ADOT EKS add-on documentation is missing important parts
tgraupne opened this issue · comments
Describe the bug
The EKS add-on documentation on the official AWS page is linking to this Getting Started Guide:
https://aws-otel.github.io/docs/getting-started/adot-eks-add-on
When following this guide, no metrics are send to CloudWatch and the adot-collector is showing warnings.
Steps to reproduce
I followed the aforementioned guide.
- Create EKS add-on with
aws eks create-addon
- I deployed the
OpenTelemetryCollector
custom resource.
What did you expect to see?
I expected that the official EKS add-on configures all necessary components to send metrics and logs to CloudWatch.
What did you see instead?
No metrics were sent to CloudWatch and the adot-collector
showed warning.
Additional context
After some hours of online research, I analysed the kubernetes resources created by the adot-operator
and discovered differences to the maintained helm charts.

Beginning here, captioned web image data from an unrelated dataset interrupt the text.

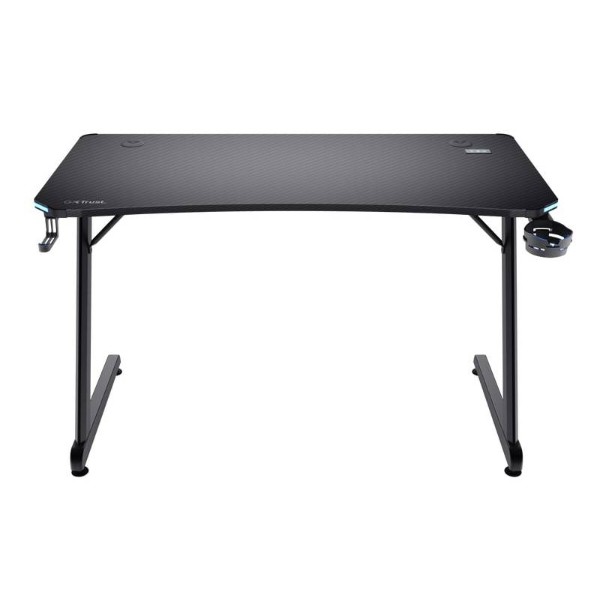 Фото - Стол компьютерный Trust GXT 709W LUMINUS RGB Black (25184)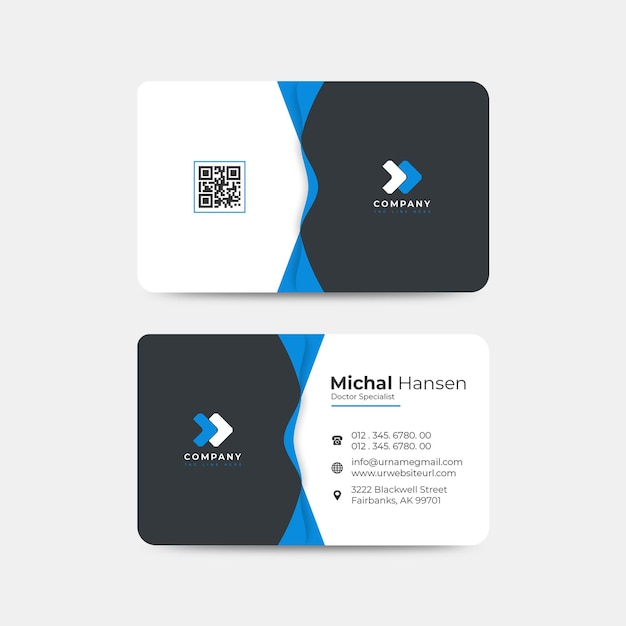 Berufliche Design-PSD-Vorlage für Firmen-Visitenkarten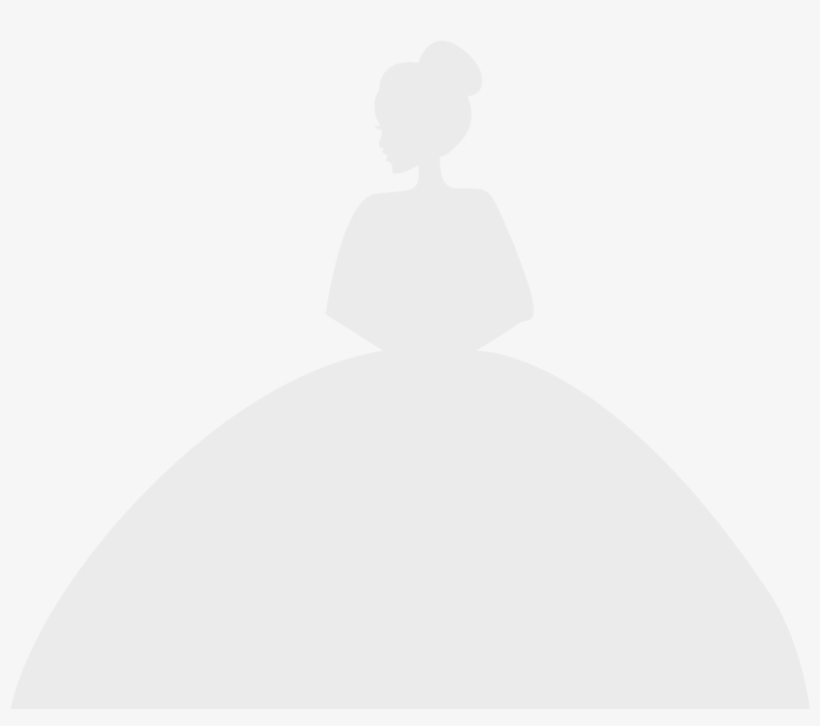 Wedding Dress Clipart Png - White Bride Silhouette Png, transparent png download
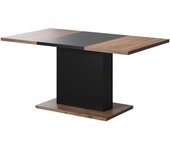 Mesa de comedor paula de madera de roble bicolor l 160 cm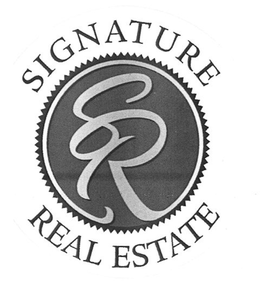 SR SIGNATURE REAL ESTATE trademark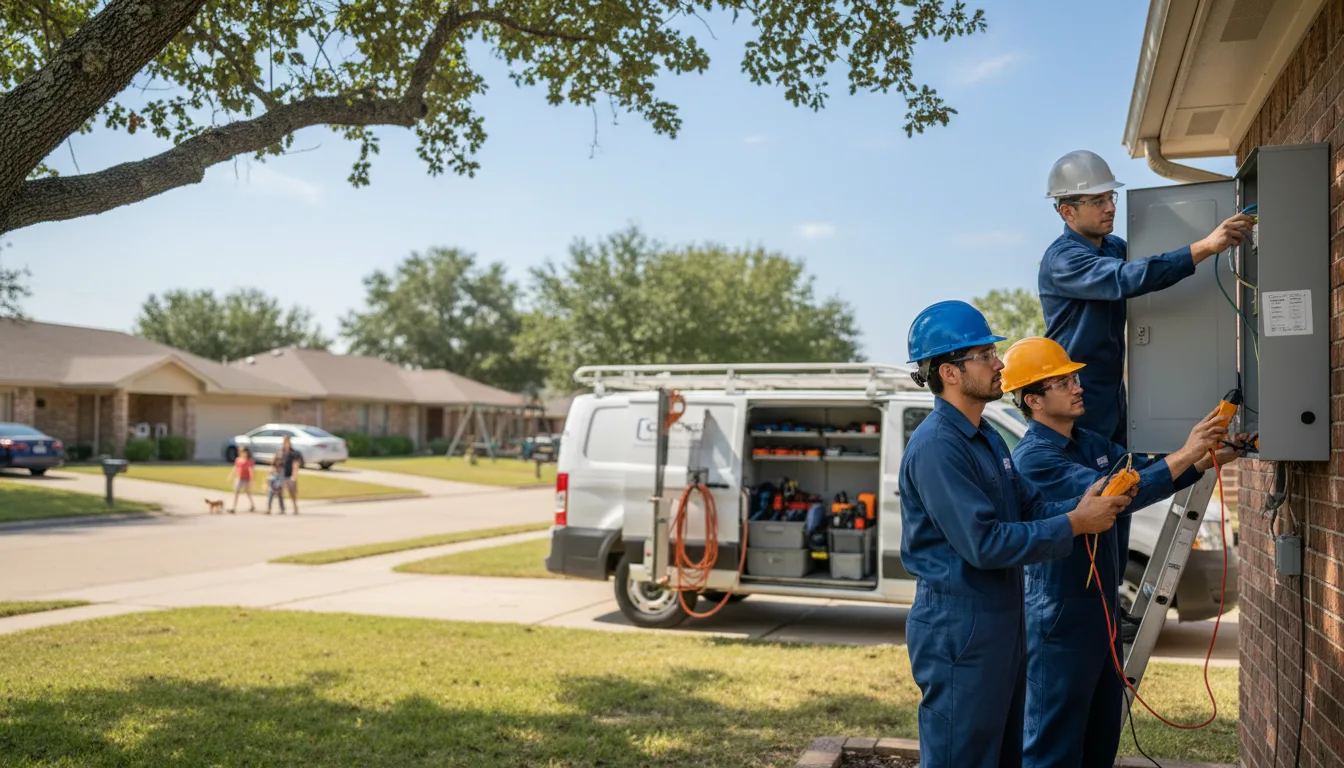 Certified electrician providing emergency electrical services in Gomer, OH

I noticed, that the following resources were missing:
- Service Accounts
- Cluster Role
- Cluster Role Binding
- environment values
- volumes
Moreover, I found out I needed to use eksctl
to create a Service Account / IAM Role combination. I attached the following policy: arn:aws:iam::aws:policy/CloudWatchAgentServerPolicy
.
Eventually, I used the following manifest file:
apiVersion: rbac.authorization.k8s.io/v1
kind: ClusterRole
metadata:
name: adot-collector-cluster-role
rules:
- apiGroups: [""]
resources: ["pods", "nodes", "endpoints"]
verbs: ["list", "watch", "get"]
- apiGroups: ["apps"]
resources: ["replicasets"]
verbs: ["list", "watch", "get"]
- apiGroups: ["batch"]
resources: ["jobs"]
verbs: ["list", "watch"]
- apiGroups: [""]
resources: ["nodes/proxy"]
verbs: ["get"]
- apiGroups: [""]
resources: ["nodes/stats", "configmaps", "events"]
verbs: ["create", "get"]
- apiGroups: [""]
resources: ["configmaps"]
verbs: ["update"]
- apiGroups: [""]
resources: ["configmaps"]
resourceNames: ["otel-container-insight-clusterleader"]
verbs: ["get","update", "create"]
- apiGroups: ["coordination.k8s.io"]
resources: ["leases"]
verbs: ["create","get", "update"]
- apiGroups: ["coordination.k8s.io"]
resources: ["leases"]
resourceNames: ["otel-container-insight-clusterleader"]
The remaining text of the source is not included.